Linear Programming Problem

Here your problem formulated as an LP would be to

Maximize Z = 30x1 + 30x2 + 35x3

subject to 7x1 + 5x2 + 5x3 <= 3000

0.05x1 + 0.1x2 + 0.2x3 <= 55

x1 + x2 + x3 <= 450

x1>=0, x2>= 0, x3>=0

where x1,x2,x3 contains the number of kg per product respectively. Now to cast it as LP with no inequality constraints we add slack variables x4,x5,x6 as

Maximize Z = 30x1 + 30x2 + 35x3 +0x4 + 0x5 + 0x6

subject to 7x1 + 5x2 + 5x3 + x4 = 3000

0.05x1 + 0.1x2 + 0.2x3 + x5 = 55

x1 + x2 + x3 + x6 = 450

x1>=0, x2>= 0, x3>=0

=================================================================================

main.m

clc

clear all

c = [30 30 35 0 0 0];

A = [7 5 5 1 0 0;

  0.05 0.1 0.2 0 1 0;

  1 1 1 0 0 1];

b = [3000;55;450];

[m,n]    = size(A);

TABLE = Simplex(A,b,-c);

x_opt = zeros(length(c),1); % extract the optimal x from simplex table

for j=1:length(c)

  if length(find(TABLE(:,j)==0))==m

    index= TABLE(:,j)==1;

    x_opt(j)=TABLE(index,end);

  end

end

x_opt

Simplex.m

function SimplexTable = Simplex(A,b,c)

[m,n]       = size(A);

SimplexTable        = zeros(m+1,n+m+1);

SimplexTable(end,n+1:end-1) = 1;

SimplexTable(1:m,1:n)    = A;

SimplexTable(1:m,end)    = b(:);

SimplexTable(1:m,n+1:n+m)  = eye(m);

for i = 1:m %now make all entries in bottom row zero

  SimplexTable(end,:) = SimplexTable(end,:)-SimplexTable(i,:);

end

SimplexTable = SIMPLEX_LOOP(SimplexTable(1:m,1:n+m),SimplexTable(1:m,end),SimplexTable(end,1:n+m));

A = SimplexTable(1:m,1:n);

b = SimplexTable(1:m,end);

SimplexTable  = SIMPLEX_LOOP(A,b,c);

end

%=================================

function SimplexTable = SIMPLEX_LOOP(A,b,c)

[m,n]    = size(A);

SimplexTable     = zeros(m+1,n+1);

SimplexTable(1:m,1:n) = A;

SimplexTable(m+1,1:n) = c(:);

SimplexTable(1:m,end) = b(:);

FLAG = true;

iterNo = 1;

while FLAG

  disp(['Iteration number = ',num2str(iterNo)])

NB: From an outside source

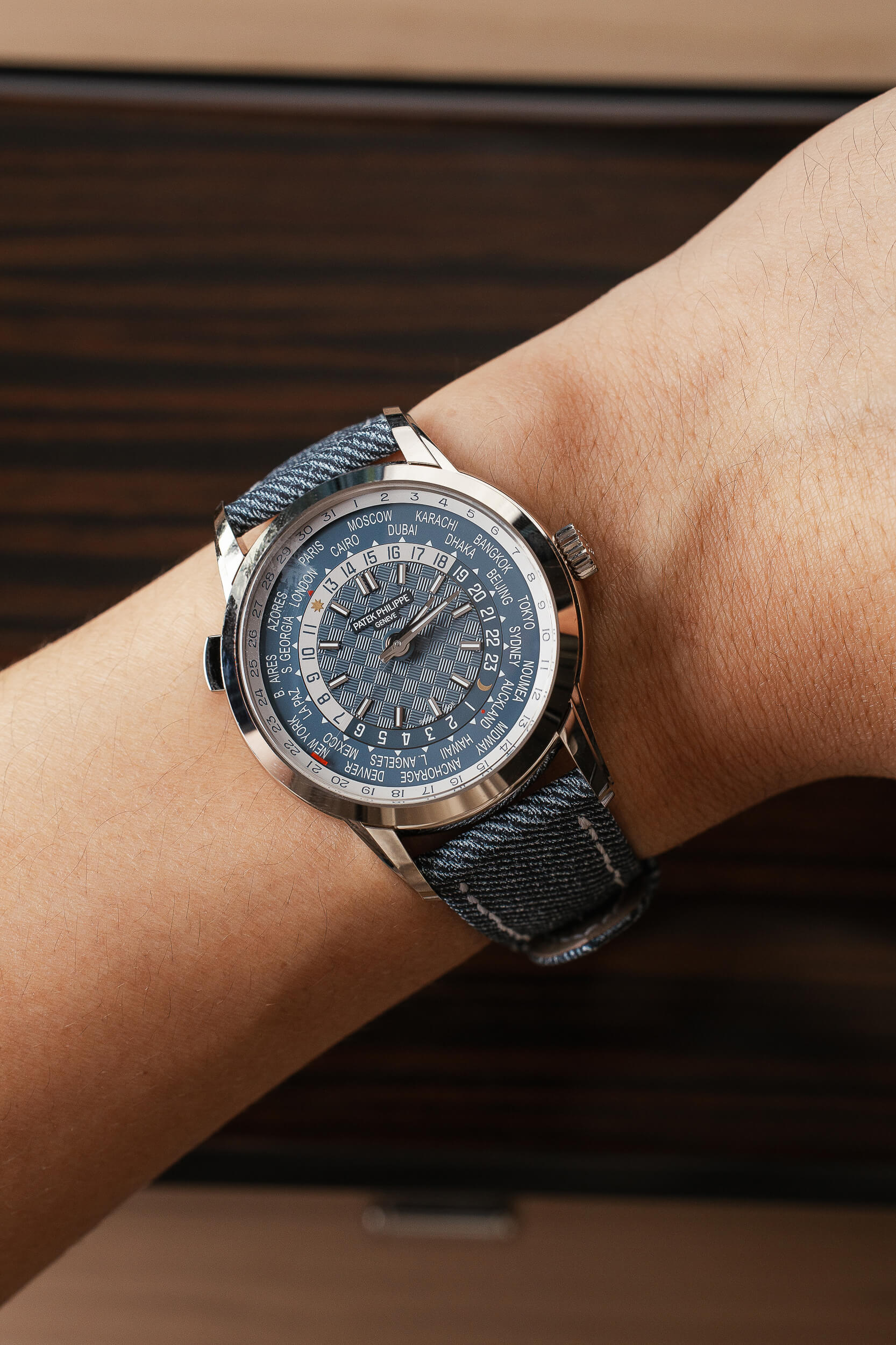 PATEK PHILIPPE 5330G_001 NEW 2025 - Image 2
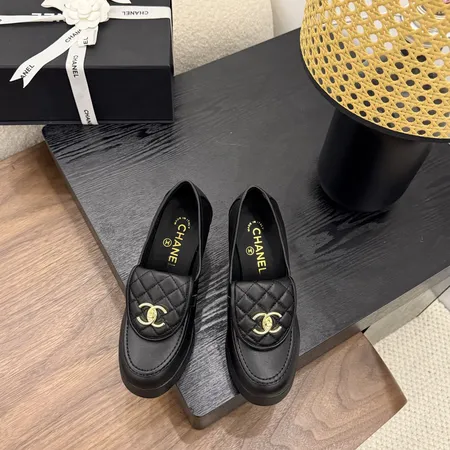シャネル ビジネスシューズ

  if any(SimplexTable(end,1:n)<0)%check if there is negative cost coeff.

    [~,J] = min(SimplexTable(end,1:n)); %yes, find the most negative

    if all(SimplexTable(1:m,J)<=0)

      error('Unbounded') % throw an error in case the problem is unbounded

    else

      ROW_PIVOT = 0;

      MINVAL = inf;

      for i = 1:m

        if SimplexTable(i,J)>0

          tmp = SimplexTable(i,end)/SimplexTable(i,J);

          if tmp < MINVAL

            MINVAL = tmp;

            ROW_PIVOT = i;

          end

        end

      end

      SimplexTable(ROW_PIVOT,:) = SimplexTable(ROW_PIVOT,:)/SimplexTable(ROW_PIVOT,J); % normalize the row

      for i=1:m+1

        if i ~= ROW_PIVOT

          SimplexTable(i,:)=SimplexTable(i,:)-sign(SimplexTable(i,J))*abs(SimplexTable(i,J))*SimplexTable(ROW_PIVOT,:);

        end

      end

    end

  else

    FLAG=false; % stop when optimal is reached

  end

  iterNo=iterNo+1;

end

end

=================================================================================

PRINTS:

Iteration number = 1

Iteration number = 2

Iteration number = 3

Iteration number = 4

Iteration number = 1

Iteration number = 2

Iteration number = 3

Iteration number = 4

x_opt =

233.3333

0

216.6667

283.3333

0

0

=================================================================================

which means that x1 = 233.3333 , x2 = 0, x3 = 216.6667